## Exercise
Starting from the line with "巴基斯坦IT公司Intera" and going up to and including the line with "Répartition par âge", copy the listing below exactly. Leave all images out.

## Data records
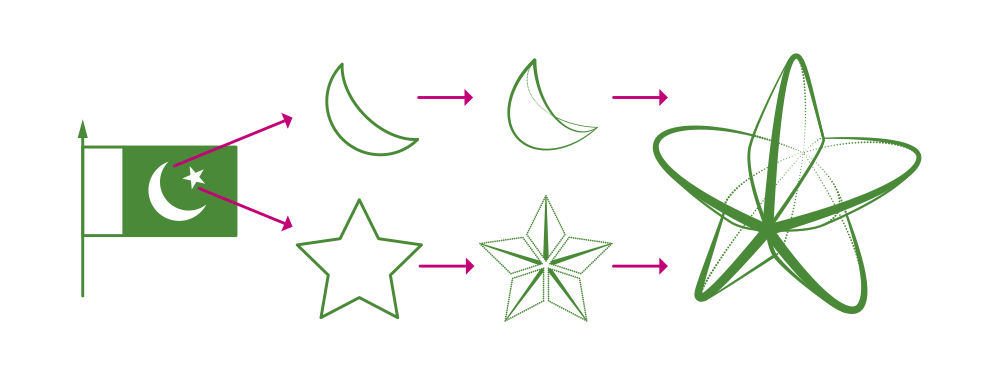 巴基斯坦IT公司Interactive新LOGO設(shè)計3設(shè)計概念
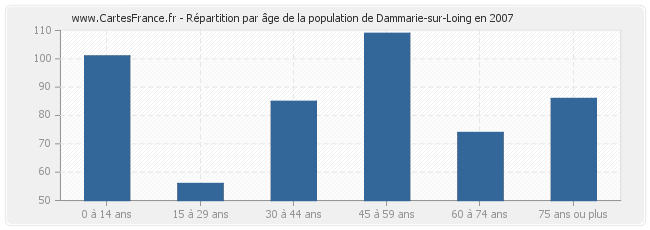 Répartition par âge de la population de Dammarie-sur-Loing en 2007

* * *

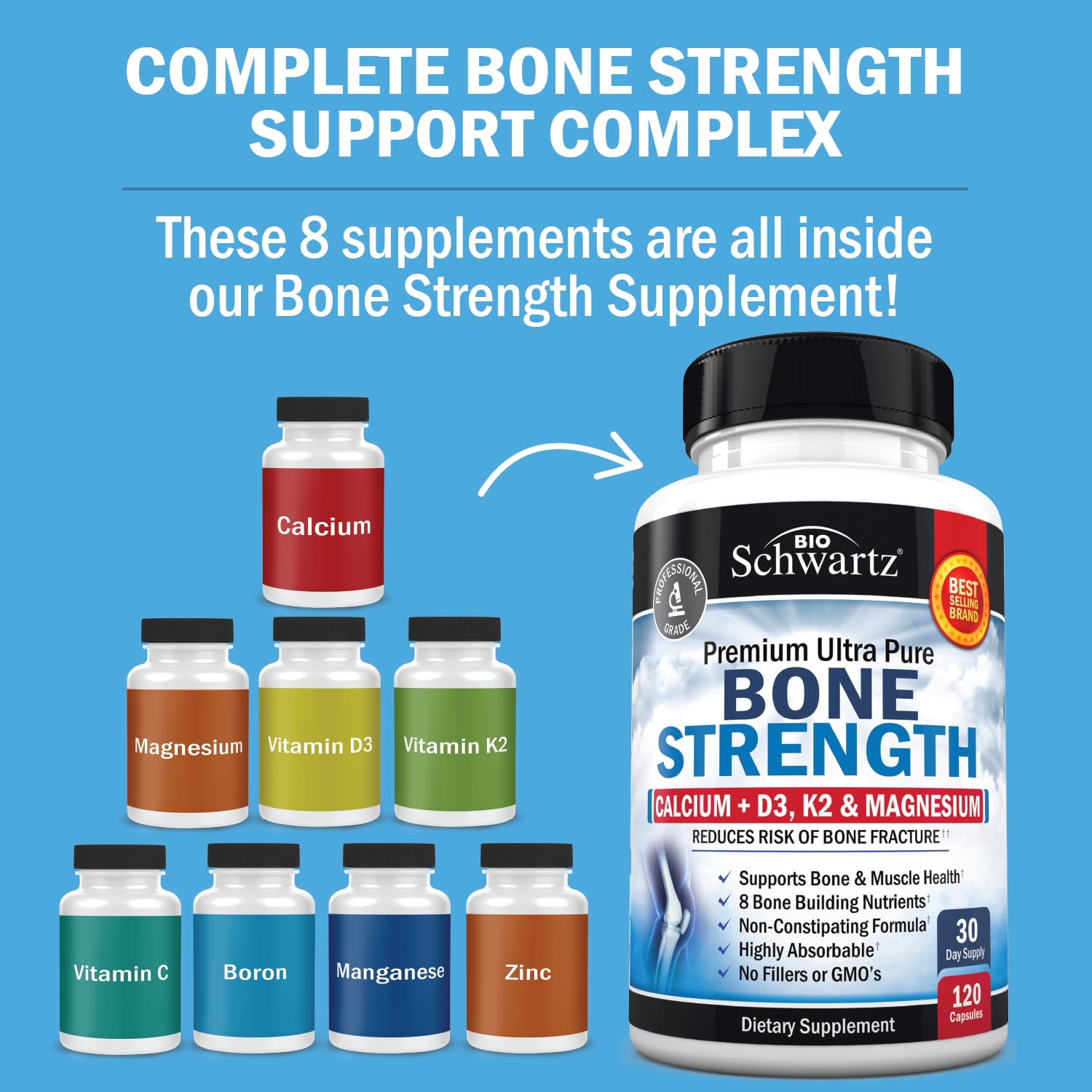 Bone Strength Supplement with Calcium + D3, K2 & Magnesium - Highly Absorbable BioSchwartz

--

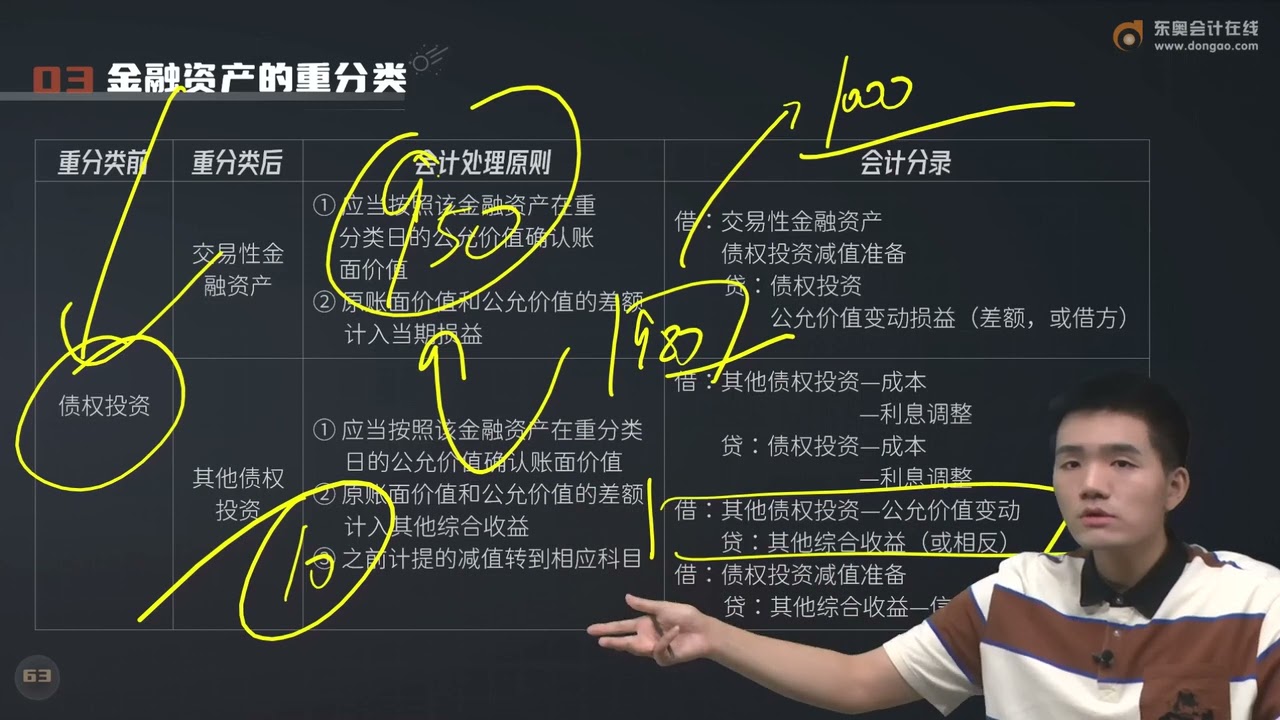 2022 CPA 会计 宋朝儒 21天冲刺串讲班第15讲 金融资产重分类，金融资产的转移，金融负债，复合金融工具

## Solution below
 巴基斯坦IT公司Interactive新LOGO設(shè)計3設(shè)計概念
 Répartition par âge de la population de Dammarie-sur-Loing en 2007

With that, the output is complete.